◆ **WHAT IS REQUIRED**: Below are records; extract exactly the lines from the one containing "Old Navy Black" through the last, both included, and keep the pictures out.

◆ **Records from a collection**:
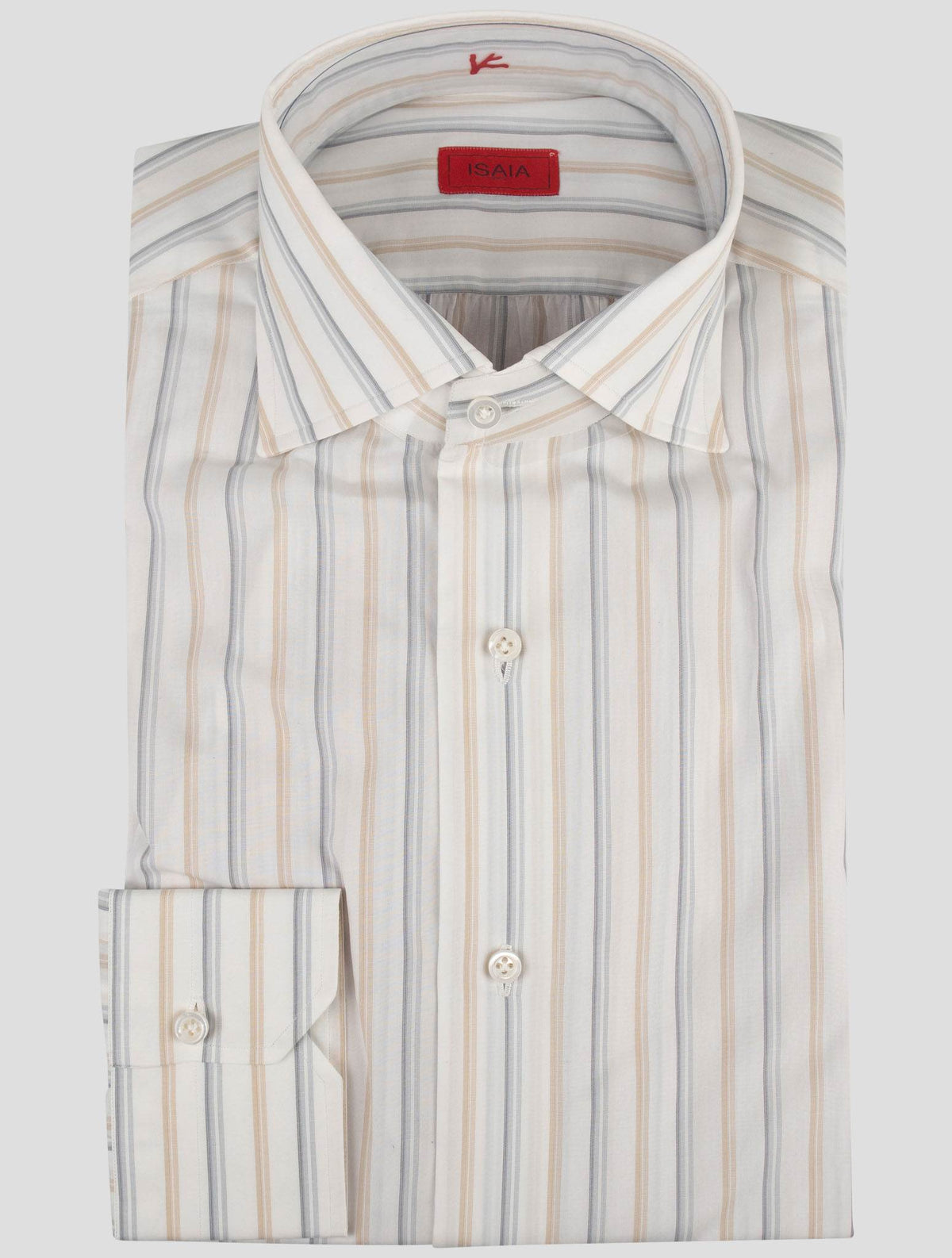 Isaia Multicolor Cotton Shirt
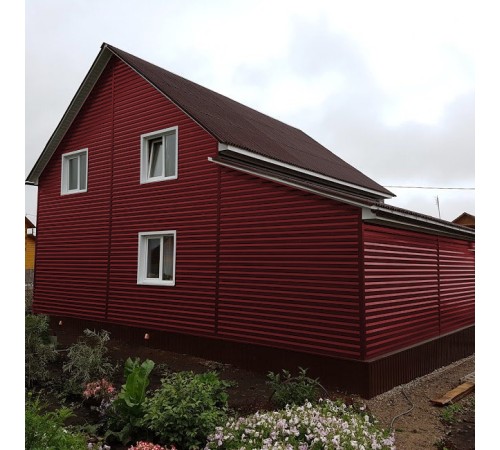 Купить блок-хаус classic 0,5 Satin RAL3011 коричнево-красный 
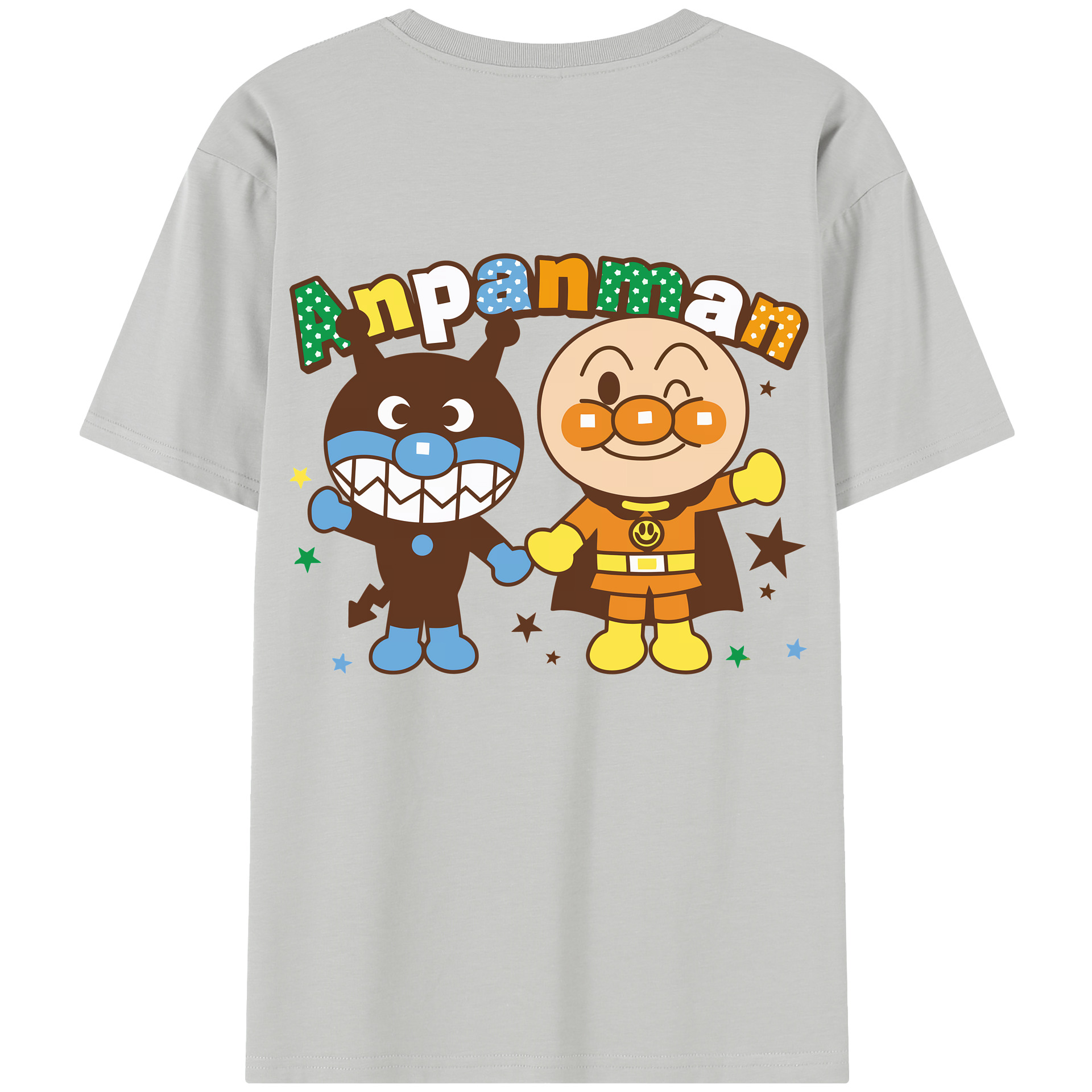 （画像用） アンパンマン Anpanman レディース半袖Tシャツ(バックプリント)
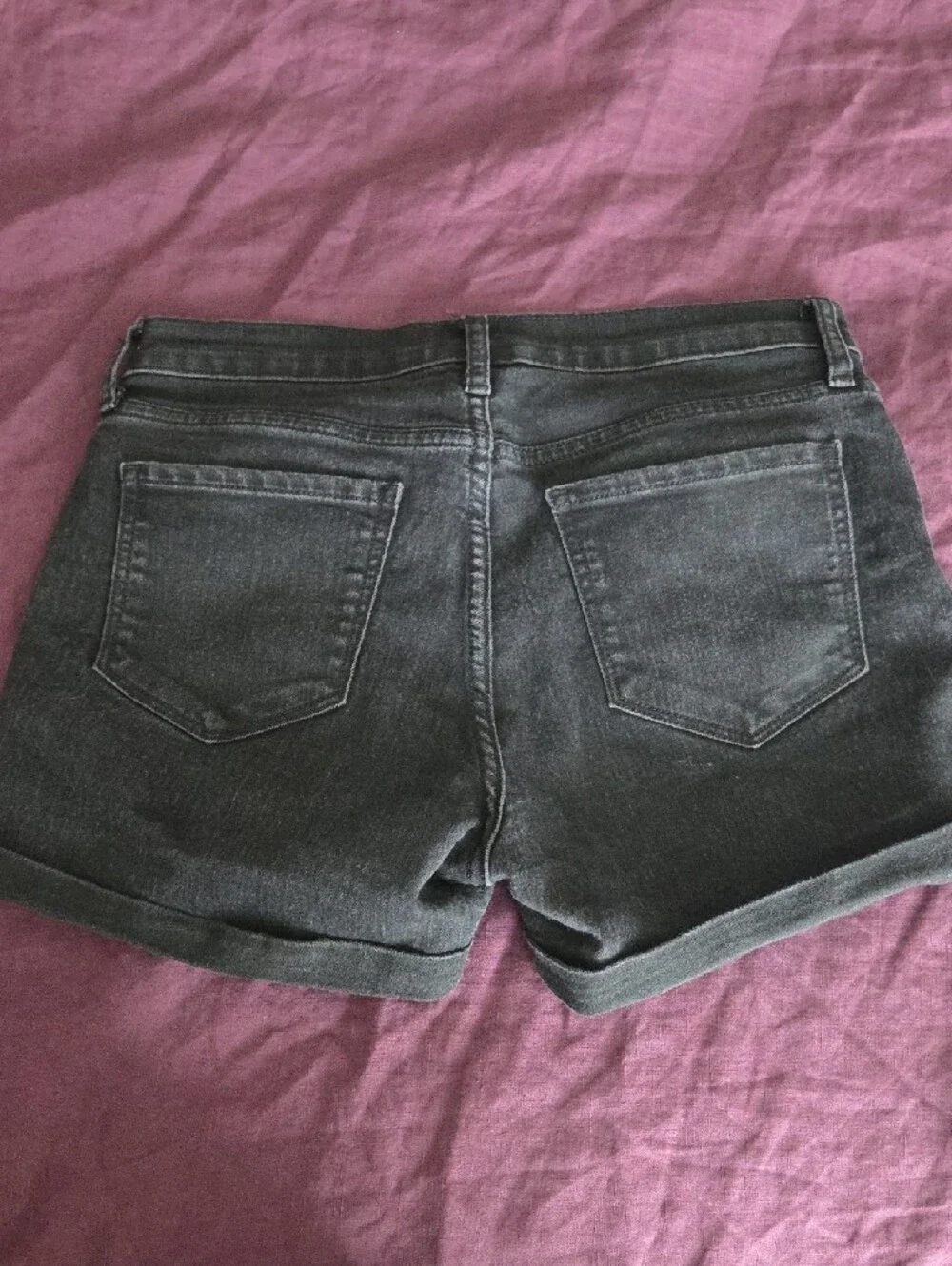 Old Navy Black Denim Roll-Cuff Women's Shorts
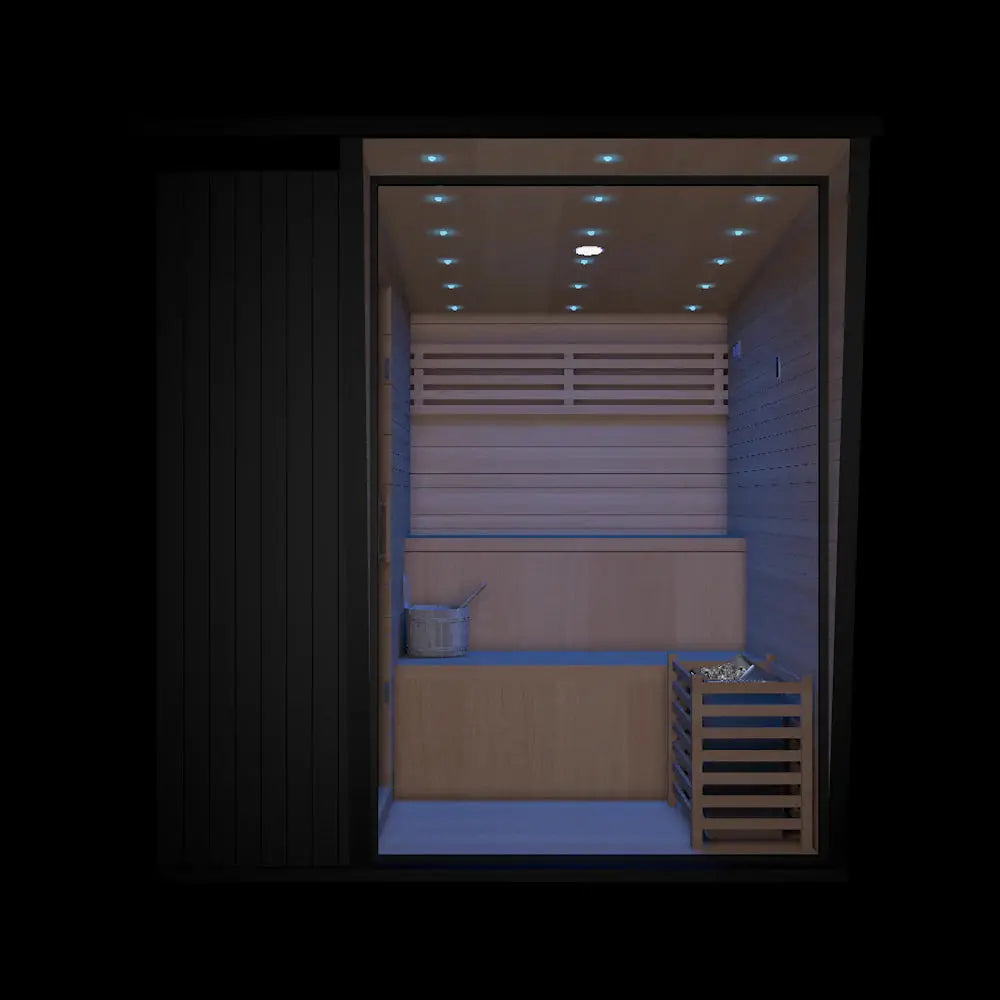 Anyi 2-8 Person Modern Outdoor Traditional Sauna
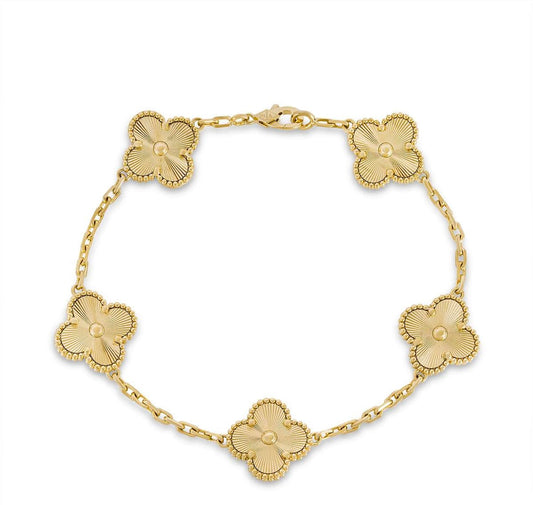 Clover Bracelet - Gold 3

◆ **SOLUTION FOR THIS EXERCISE**:
 Old Navy Black Denim Roll-Cuff Women's Shorts
 Anyi 2-8 Person Modern Outdoor Traditional Sauna
 Clover Bracelet - Gold 3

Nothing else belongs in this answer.